The reason we could not factor release_thing(obj) out of the two branches of if-then-else is because the then-clause has a control flow that escapes current scope—the return statement, which could also be a continue or break statement, and our discussion still applies. Fortunately, in this case, the code is manageable because:
  • The clean up only requires releasing one object.
  • There are only two conditional branches, then and else.
Anything more than that, the code starts to become unmanageable.

Some languages make the code easier to write by providing the try-finally construct, so we could rewrite our code like this:

thing_t *obj = acquire_thing(...);
...
try {
  if (...) {
    ...
    return ...;
  } else {
    ...
  }
} finally {
  release_thing(obj);
}

The finally block is executed whenever the control flow escapes the try block. This allows us to write the clean up code only once. You're not required to use exceptions in order to use try-finally.

If your language provides this syntax, the finally statement is the only safe place you put any clean-up code. This is a very useful facility to combat any type of resource leak, especially memory leak. However, taking a look at languages that feature exception handling, many of the languages with finally support are garbage collected, such as C#, Java, JavaScript, Python, Ruby. In particular, C# and Java programs tend to put clean-up code in the object destructor, but garbage collection prevents you from explicitly destroy an object at a precise moment of time. The clean-up code is delayed for an unspecified duration, until the collection cycle kicks in. Rather than using try-finally, you might as well leak the garbage and wait for its collection. This renders try-finally useless for C# and Java—they have no business implementing try-finally in their language.

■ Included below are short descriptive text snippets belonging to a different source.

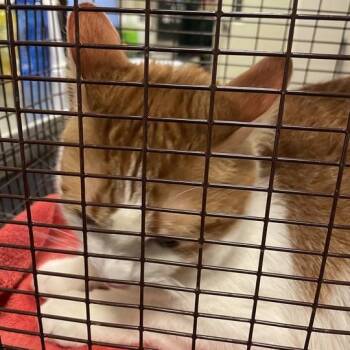 Boogie -  Domestic Short Hair Cat for Adoption in Chicago, Illinois - Boogie | PetCurious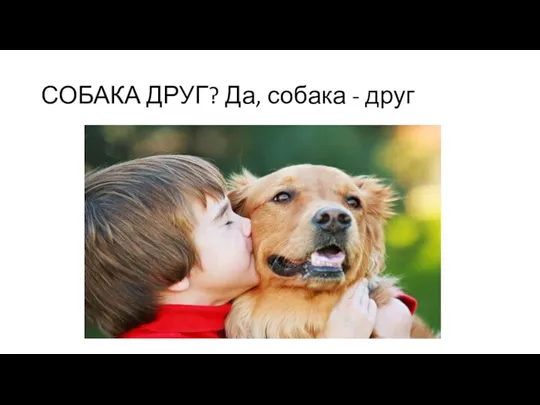 СОБАКА ДРУГ? Да, собака - друг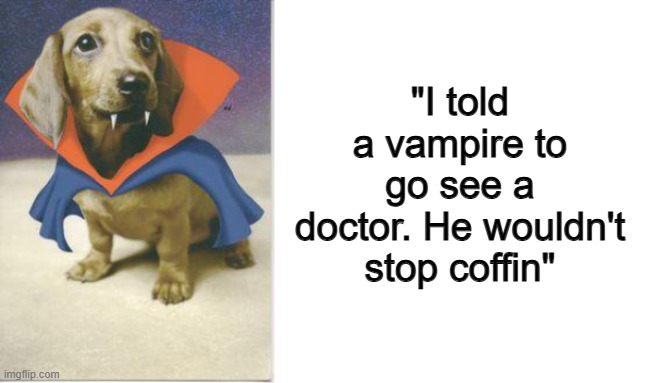 ... | "I told a vampire to go see a doctor. He wouldn't stop coffin" | image tagged in vampire dachshund,blank white template | made w/ Imgflip meme maker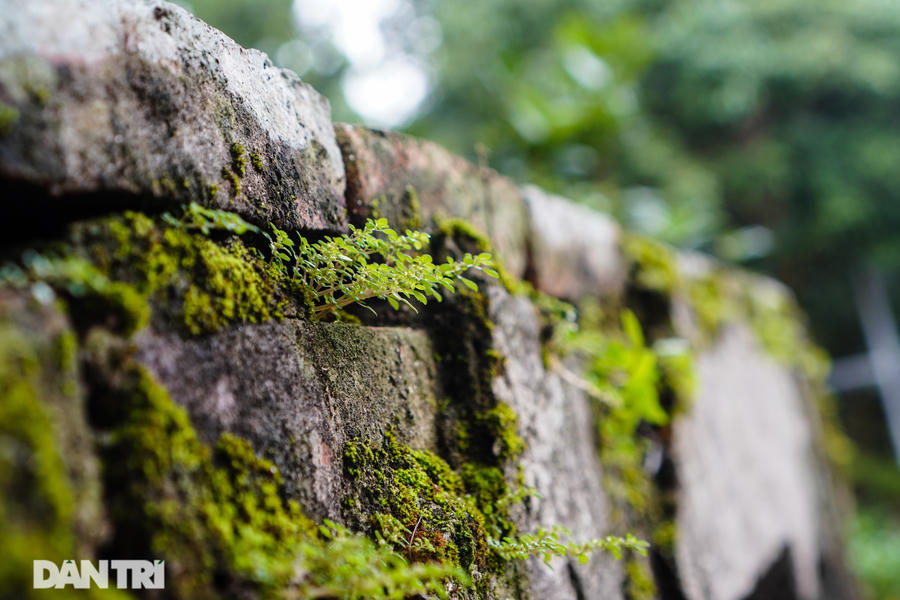 Hai bức tường cổ của Đình Quán Giá vẫn còn được lưu lại, phủ rong rêu và nhiều dấu tích của thời gian.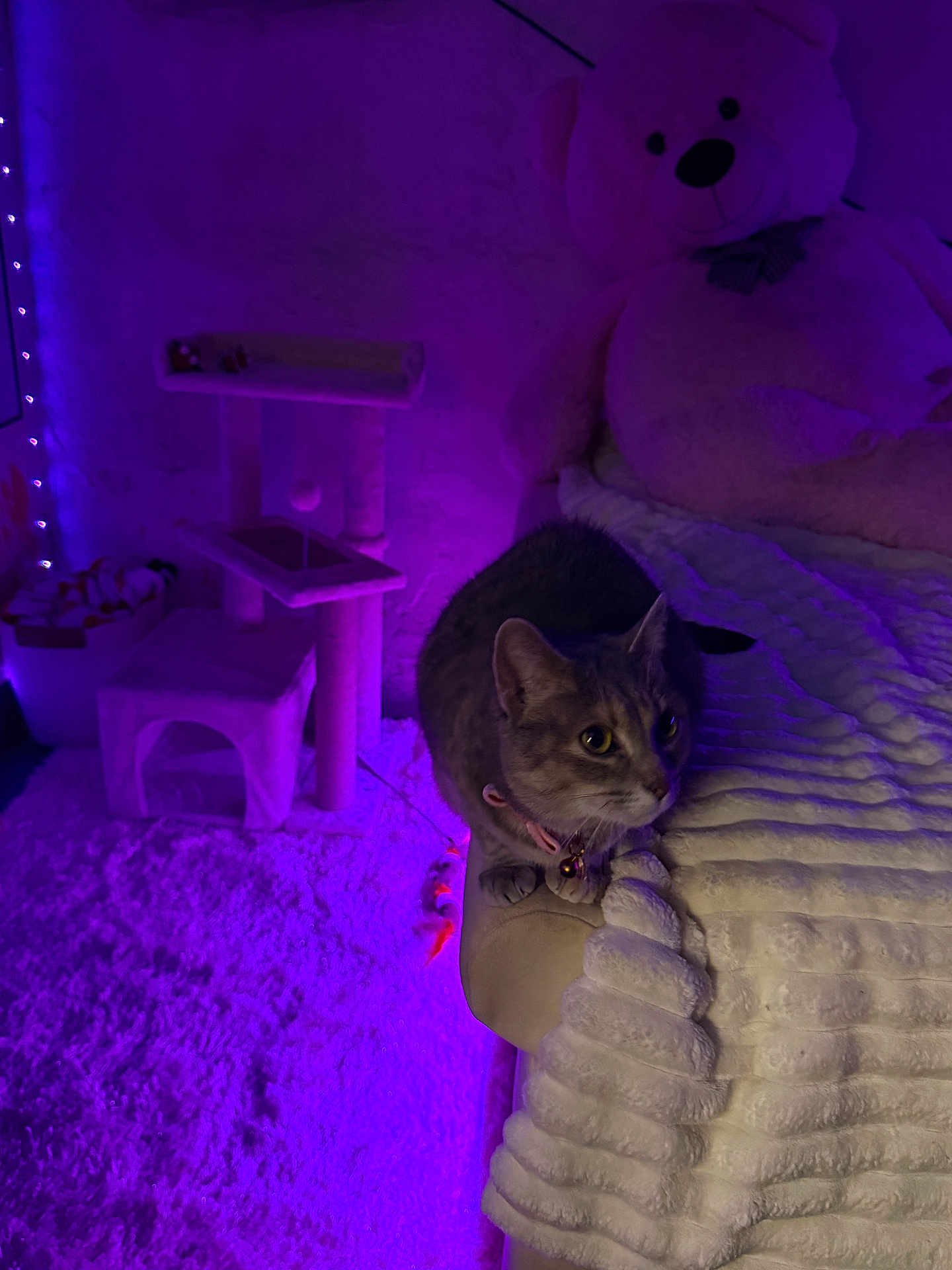 Willow is registered to the contest to win money with this photo: cat, gray_tabby, blanket, bed, teddy_bear, purple_light, cat_tree, carpet, plush_toy, collar, indoor, feline, soft_texture, curious, pet, furniture, night, relaxing, cozy, room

The only manual memory managed languages with try-finally support are Delphi (Object Pascal) and Objective-C. Try-finally is absent from the C language that is in dire need of the feature.

An interesting exception is C++, which implicitly calls an object's destructor when the control flow leaves the scope the object is declared in, known as resource acquisition is initialization. If we have a pointer to an object allocated in heap using operator new, we could use scoped_ptr<> to delete the pointer when the object leaves the scope. Apparently auto_ptr<> in STL also works, where the copy and assignment semantics moves object ownership from one pointer to another. Some people prefer to outright disallow copying and assignment, so they use scoped_ptr<> instead.

Although scoped_ptr<> and auto_ptr<> facilitates memory resource clean-up, they are not usable with other kinds of resources such as file descriptors and locks, which need other types of clean-up code. Also, any C library managed resource such as graphics context need their own clean-up code. This is why, in C++, it is fashionable to wrap C system or library calls as C++ objects. This requires a humongous start-up effort to want to use C++ along with a C library!

Finally (finally!), I conclude with two recommendations for the language design committee:
  • The C language needs try-finally, even if it does not need to support exception handling.
  • The C++ language also needs try-finally even if it does have exception handling syntax. This makes interoperability with resources managed in the C language easier.